**To do:** In this exercise, print only the lines of the records below from the one with "Рисуем акварелью &quot;Яблоки&quot;" through the one with "Green Net Readymade Anarkali Suit 322198", inclusive. Pictures are not part of the copy.

**Listed records:**

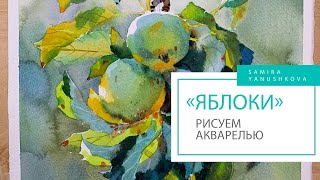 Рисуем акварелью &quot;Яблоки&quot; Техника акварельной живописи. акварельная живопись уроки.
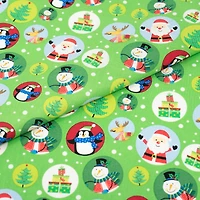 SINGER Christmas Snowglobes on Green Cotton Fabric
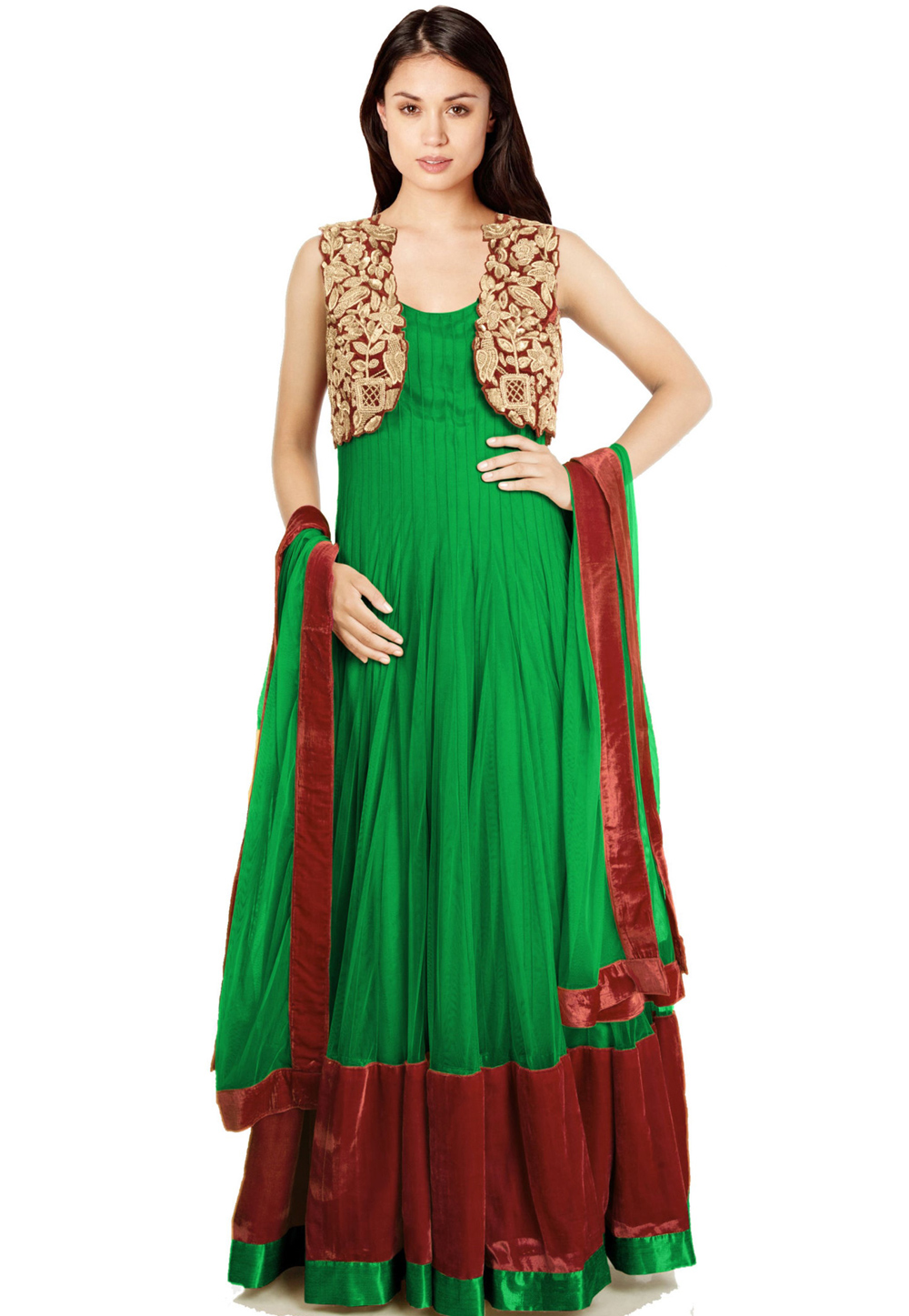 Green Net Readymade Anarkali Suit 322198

---

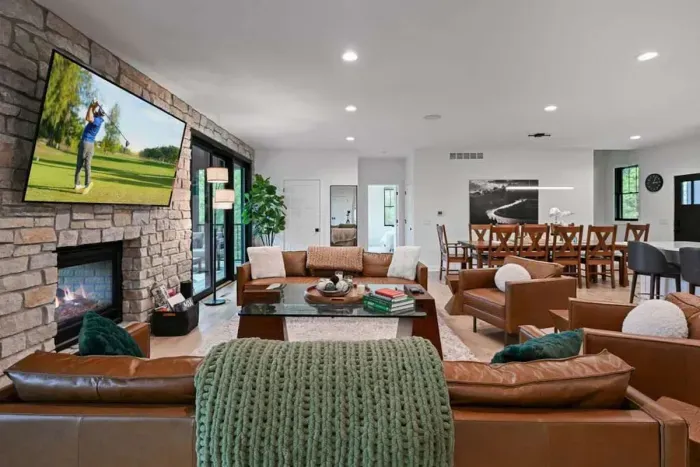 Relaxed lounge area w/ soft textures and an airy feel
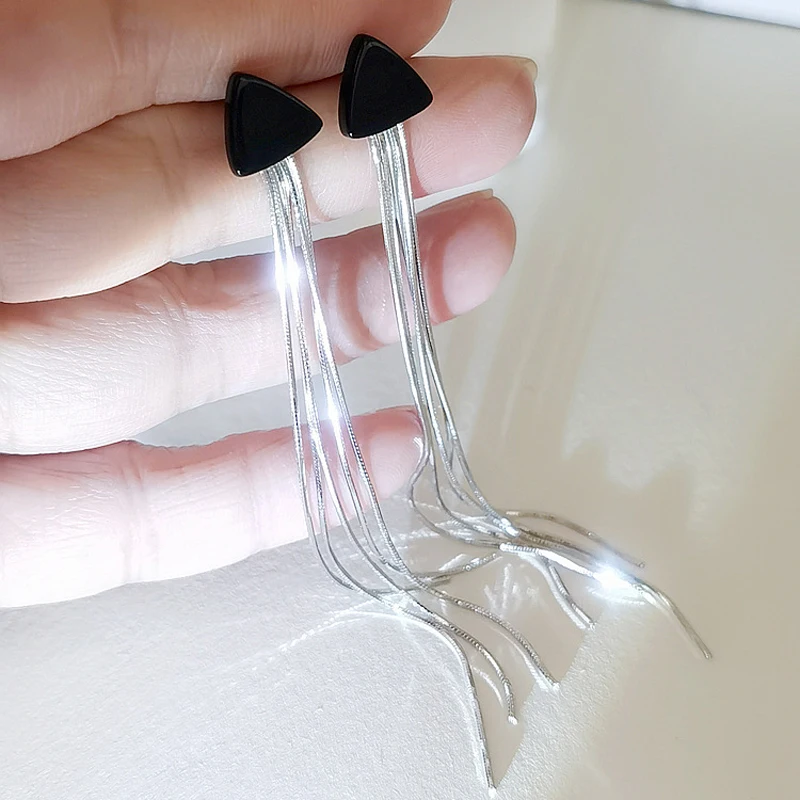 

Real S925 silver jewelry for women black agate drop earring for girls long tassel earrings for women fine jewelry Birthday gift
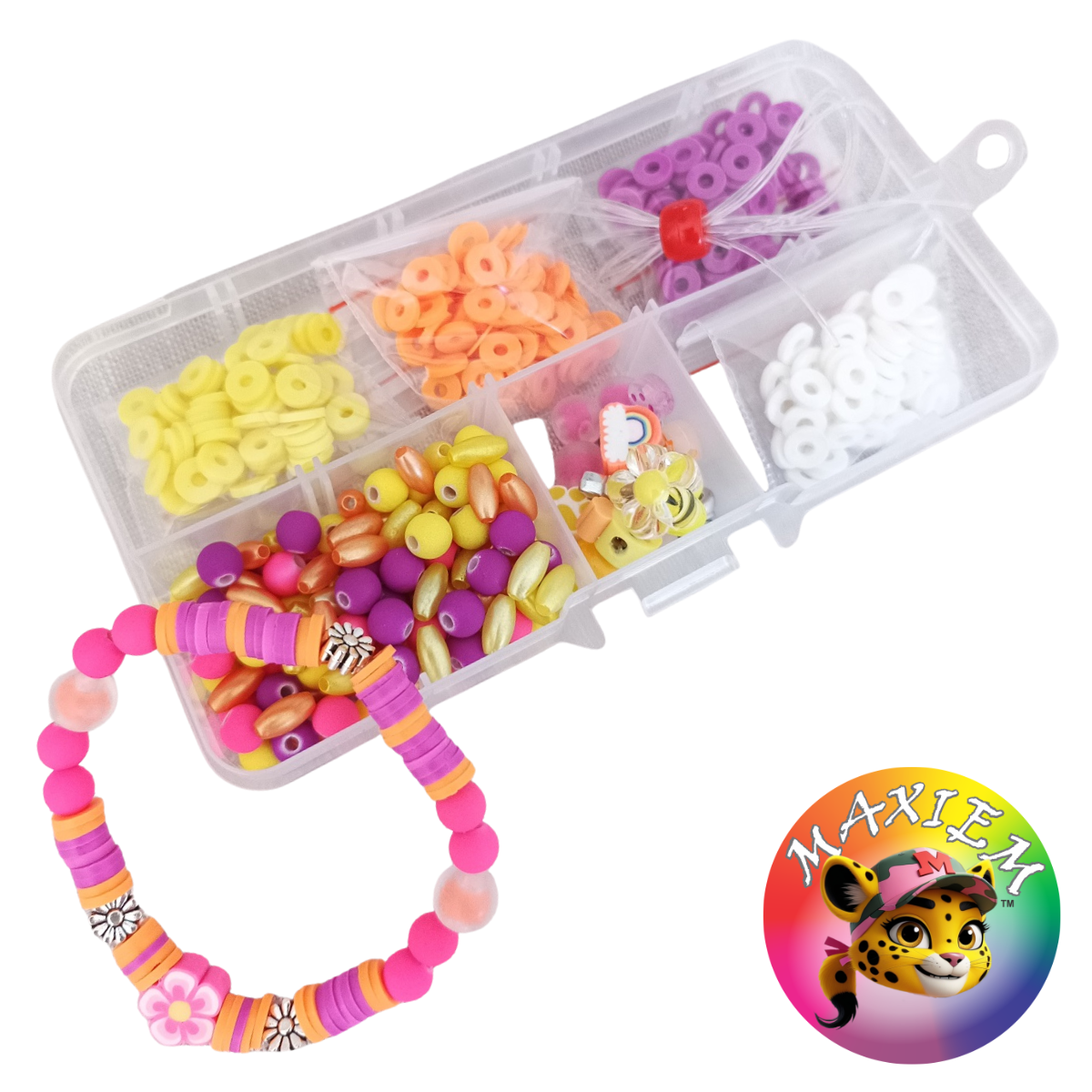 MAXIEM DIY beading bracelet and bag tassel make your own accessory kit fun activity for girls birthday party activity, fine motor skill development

---

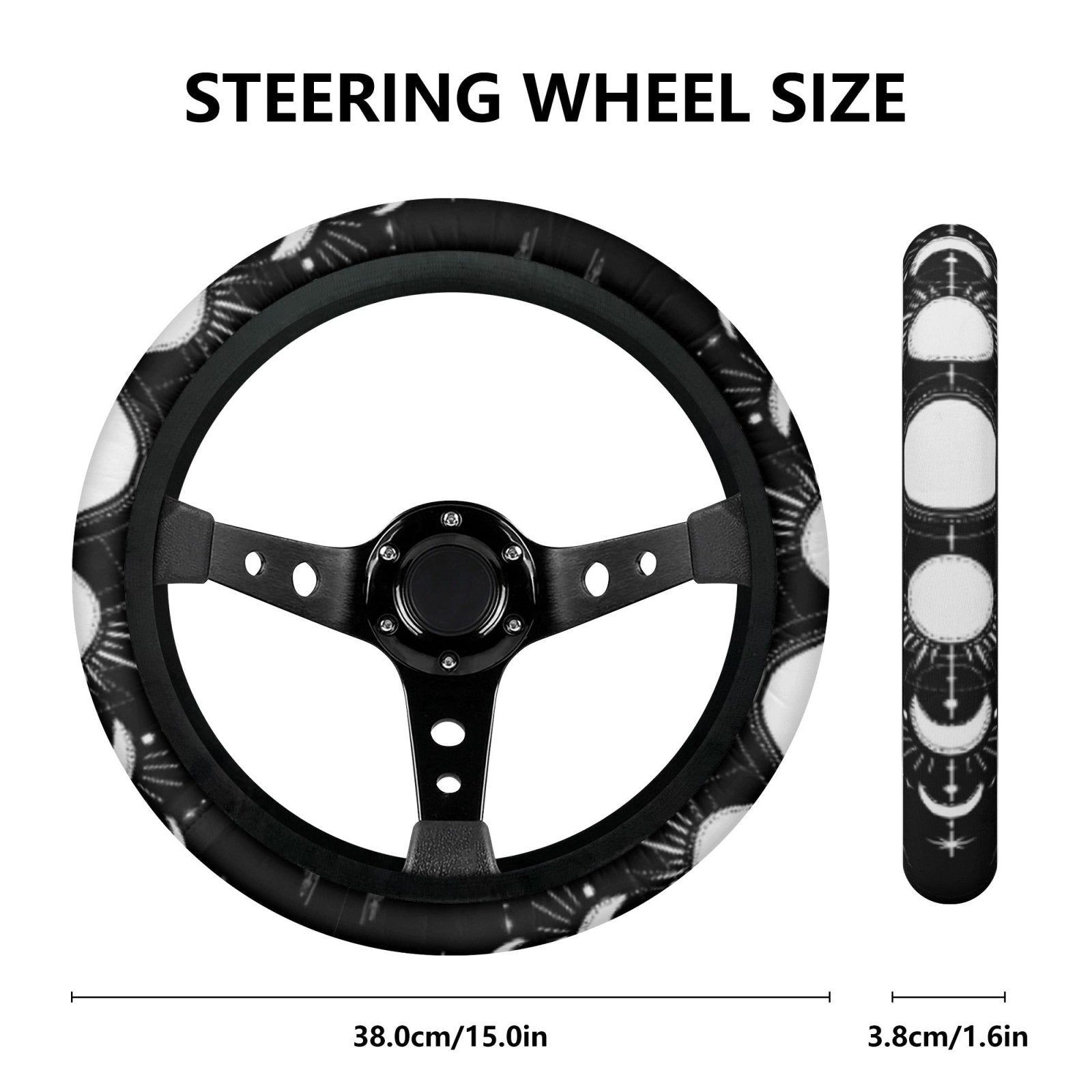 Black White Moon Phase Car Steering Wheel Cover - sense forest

**Your solution:**
 Рисуем акварелью &quot;Яблоки&quot; Техника акварельной живописи. акварельная живопись уроки.
 SINGER Christmas Snowglobes on Green Cotton Fabric
 Green Net Readymade Anarkali Suit 322198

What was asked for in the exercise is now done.